Economist Lara Hodes said Investec expects the surplus on the merchandise trade account to widen modestly to about R12.2bn in June, after recording a R10.2bn surplus in May.

On Tuesday, the Absa purchasing managers’ index (PMI) for July will be released. It fell to 47.6 index points in June, from 49.2 points in May, the lowest level since mid-2021.

The reading was worse than market expectations of 48.9 and marked the fifth consecutive month of contraction in manufacturing activity and the steepest since July 2022 as business conditions deteriorated.

Maluleke said a key drag on the sector seems to come from weak demand, with the new sales orders index edging down once again as the decline in export sales deepened and domestic demand remains under pressure.

On Thursday, S&P will release the S&P Global PMI, which tracks business trends across the private sector, including in mining, manufacturing, services, construction and retail for July. It edged up to 48.7 in June from 47.9 in May, still pointing to a fourth consecutive month of contraction.

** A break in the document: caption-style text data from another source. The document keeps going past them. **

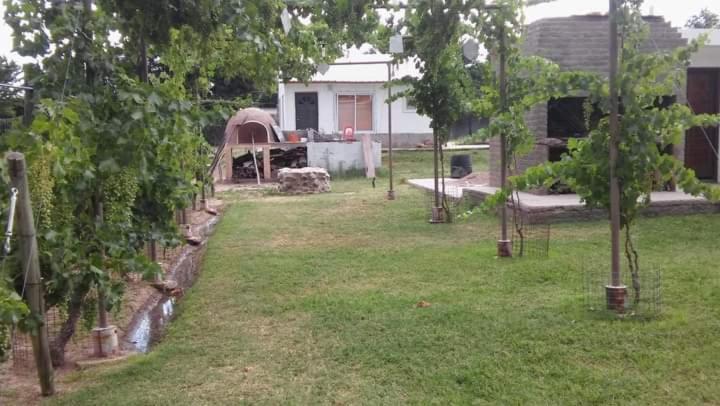 Los Glaciares Chacras de Coria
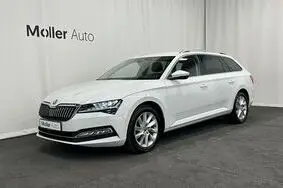 Müüa kasutatud auto Škoda Superb, 2020, 137 023 km, 2.0, 110 kW, diisel, automaat, esivedu, 629VNY, TMBJH7NP2L7069506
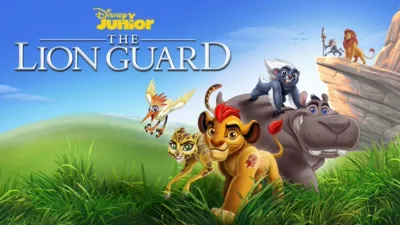 The Lion Guard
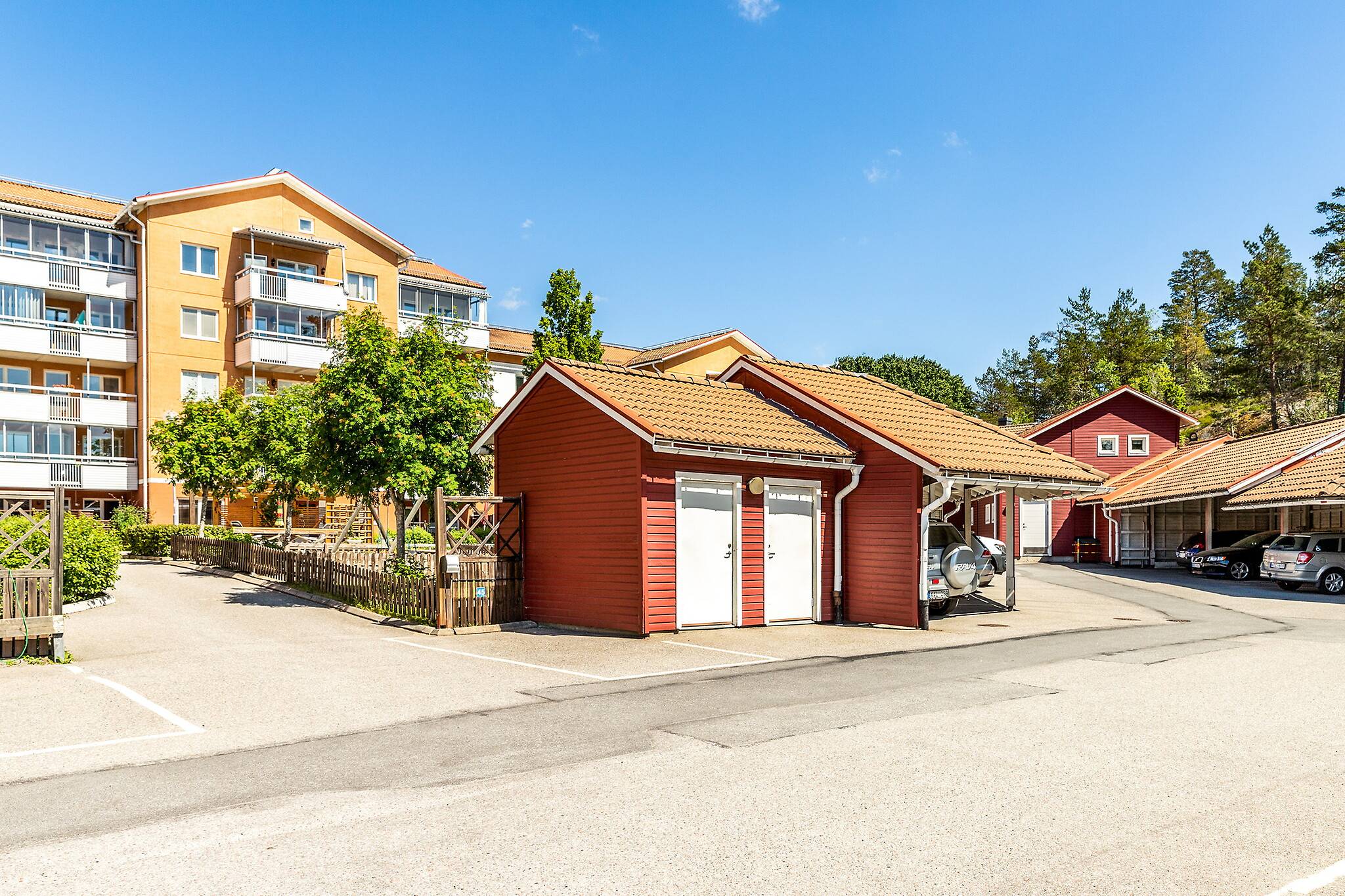 2 rum Lägenhet på Bergsvägen 1C Salem Salems kommun - bild 22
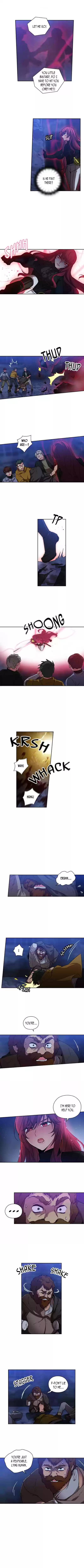 Reminiscence Adonis Vol.3 Ch.86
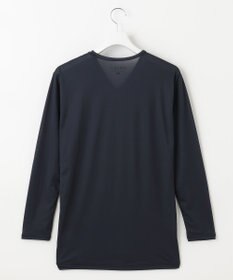 23区GOLF 【MEN】【吸水速乾・UVケア】３０ｄインナー Vネックカットソー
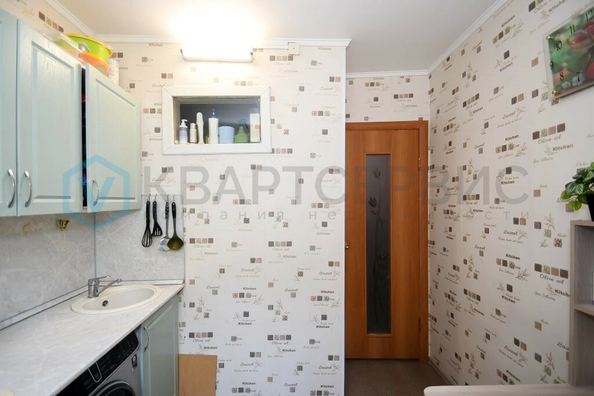 
  Продается 2-комн. квартира, 40.4 м², 16-й военный городок, д. 393
. Фото 3.
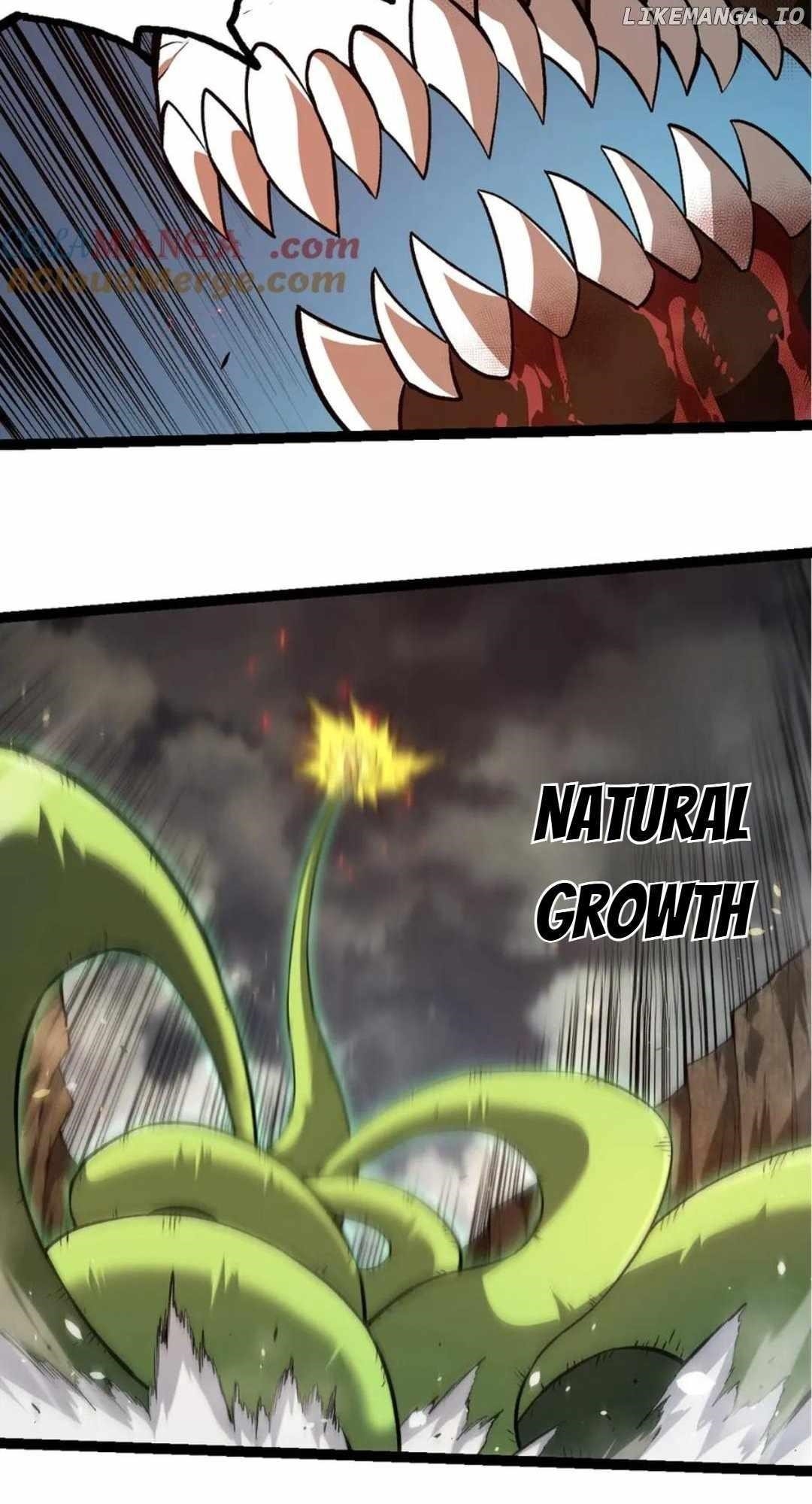 Evolution Begins With a Big Tree Chapter 349 - Page 16 in English
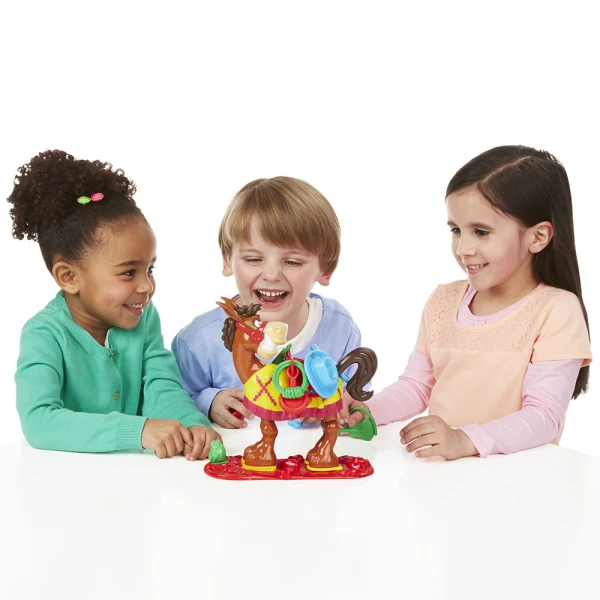 PRESCHOOL BOARD GAME OPG BUCKAROO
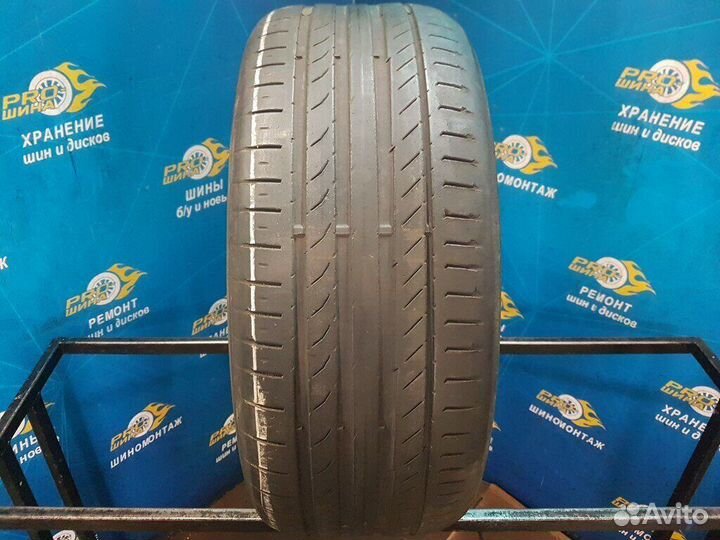 Continental ContiSportContact 5 245/45 R19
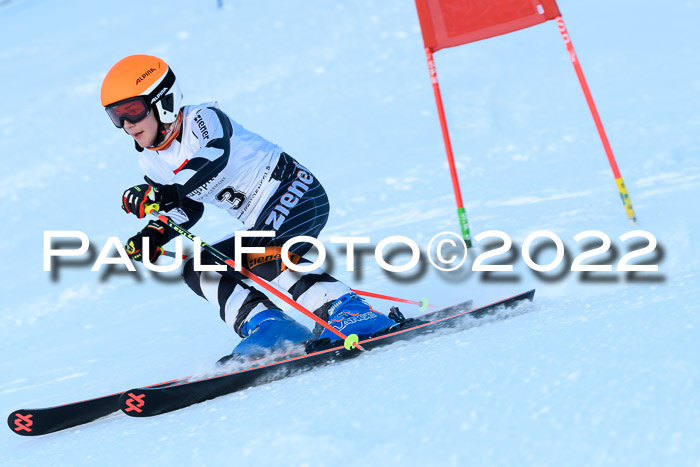 1. BZB Cup RS, Kühtai, 19.12.2021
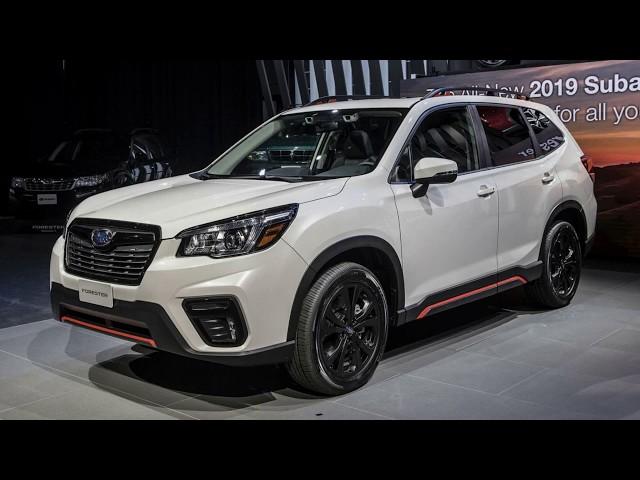 SUBARU FORESTER 2018 Установка защиты картера двигателя от компании ПАТРИОТ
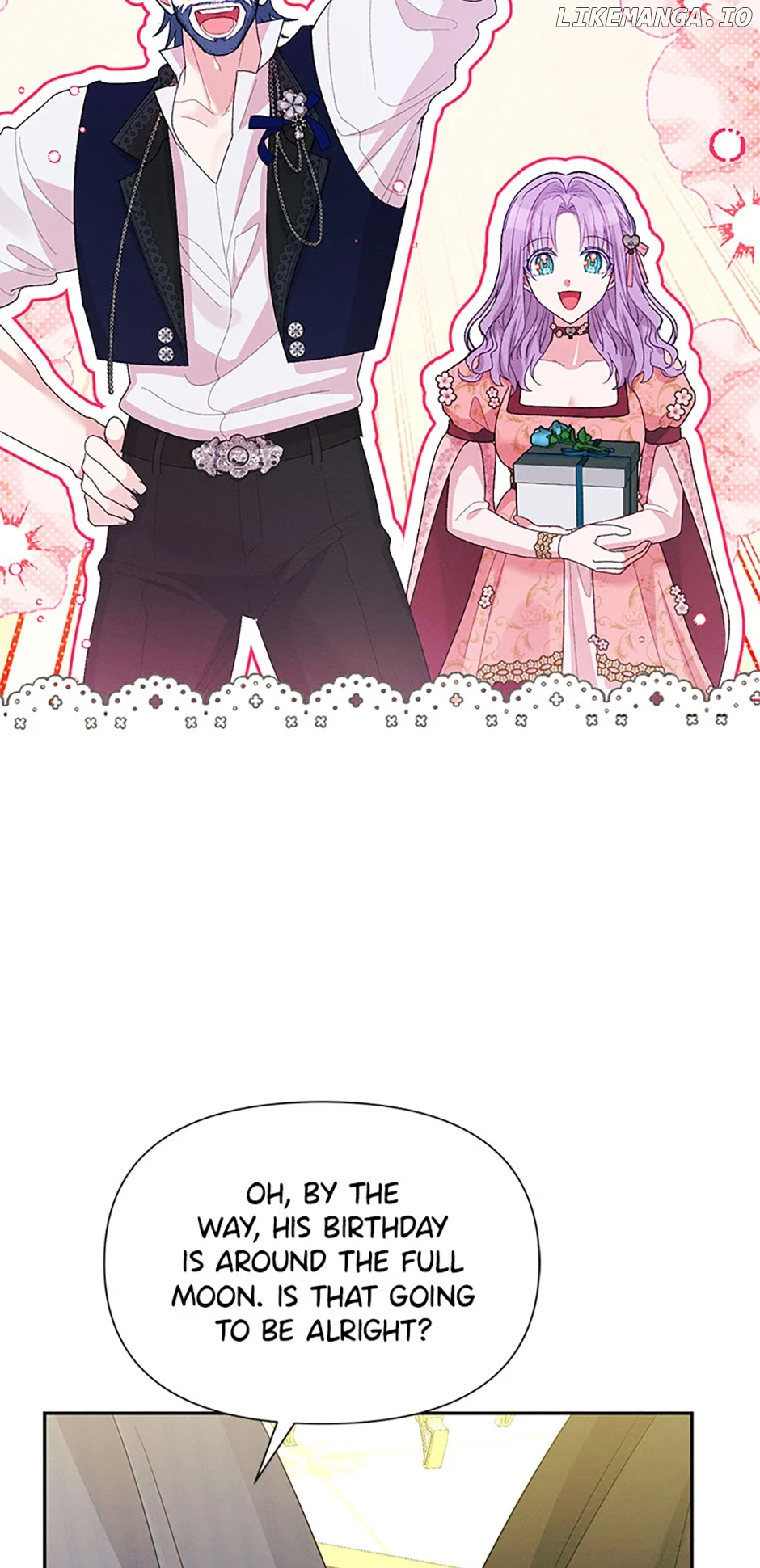 The Goal is to be Self-made Chapter 74 page 32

The data showed that new business intakes fell at a softer pace and firms highlighted that reduced load-shedding helped them to increase their working hours and finish some outstanding orders.

S&P Global Market Intelligence senior economist David Owen said local businesses are generally upbeat about the future as 47% of those surveyed expect their output to increase over the coming year, albeit it from a low base, while only 4% predict a downturn.

Thursday will also see the publication of data on electricity production for June. Electricity production fell 9% year on year in May, worse than the 8.6% decline in April. This marked 20 consecutive months of annual decline. 

According to FNB, year-to-date electricity consumption is down by more than 1,800MW compared with the same period in 2022 and by more than 3,000MW from the same period in 2019.

FNB chief economist Mamello Matikinca-Ngwenya said that while Eskom’s electricity grid has improved in the past few weeks, its energy availability factor is below 59.3% and 62.6% for 2022 and 2021, respectively.